■ **Problem to solve**: Verbatim output of the lines below is required, with the images omitted.

■ **Collected data entries**:
Content starts
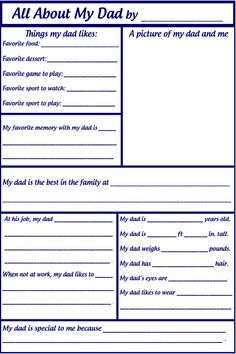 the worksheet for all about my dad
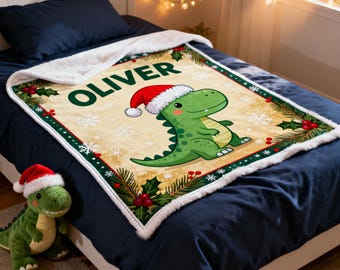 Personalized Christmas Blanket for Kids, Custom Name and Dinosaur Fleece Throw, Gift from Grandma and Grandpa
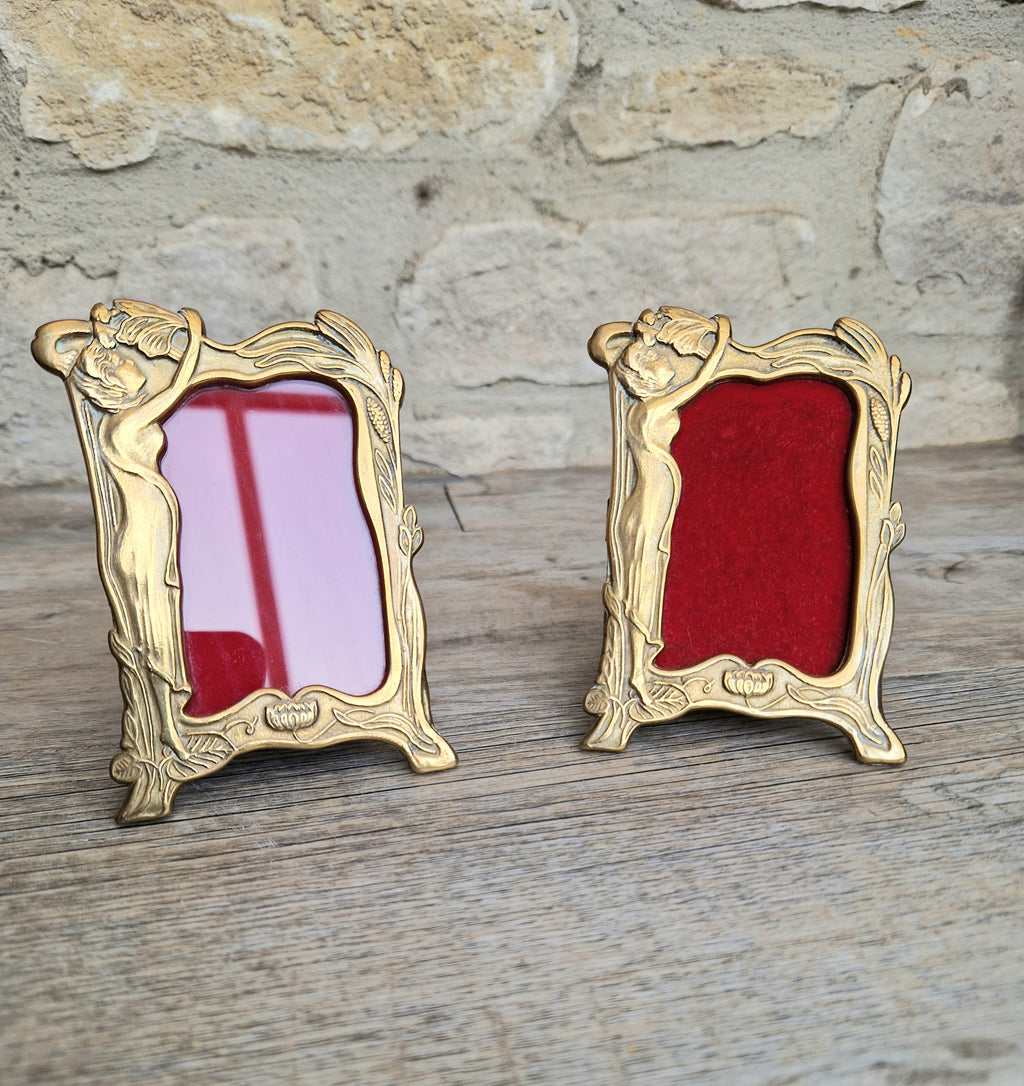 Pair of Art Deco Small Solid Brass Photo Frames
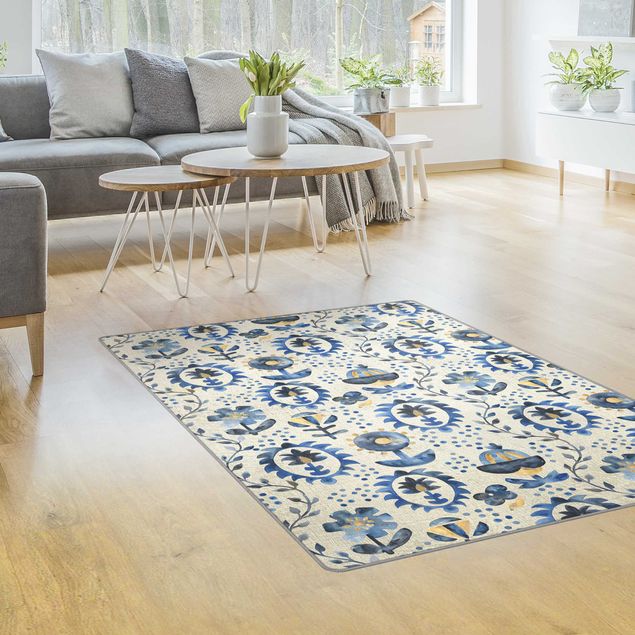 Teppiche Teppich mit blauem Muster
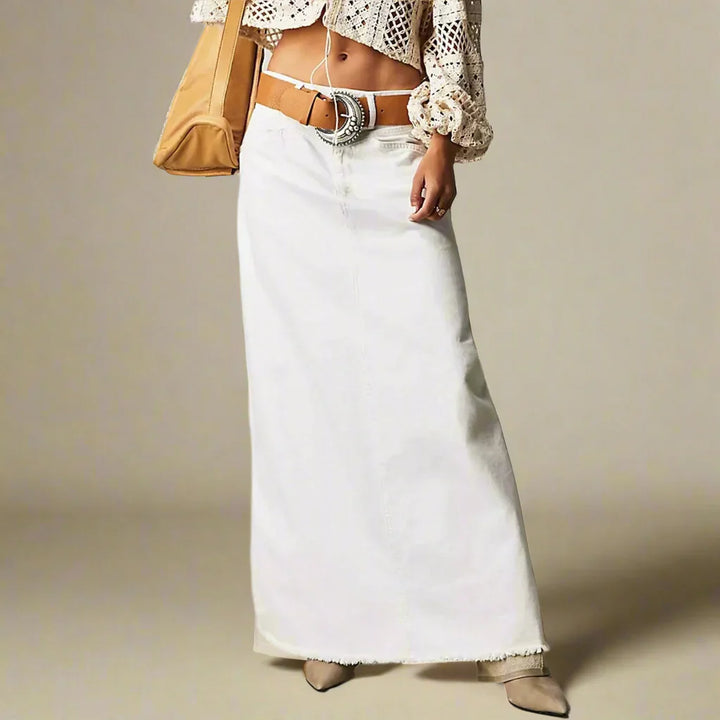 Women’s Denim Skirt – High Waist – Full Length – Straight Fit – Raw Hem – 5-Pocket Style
Content ends
■ **Exercise response**:
 the worksheet for all about my dad
 Personalized Christmas Blanket for Kids, Custom Name and Dinosaur Fleece Throw, Gift from Grandma and Grandpa
 Pair of Art Deco Small Solid Brass Photo Frames
 Teppiche Teppich mit blauem Muster
 Women’s Denim Skirt – High Waist – Full Length – Straight Fit – Raw Hem – 5-Pocket Style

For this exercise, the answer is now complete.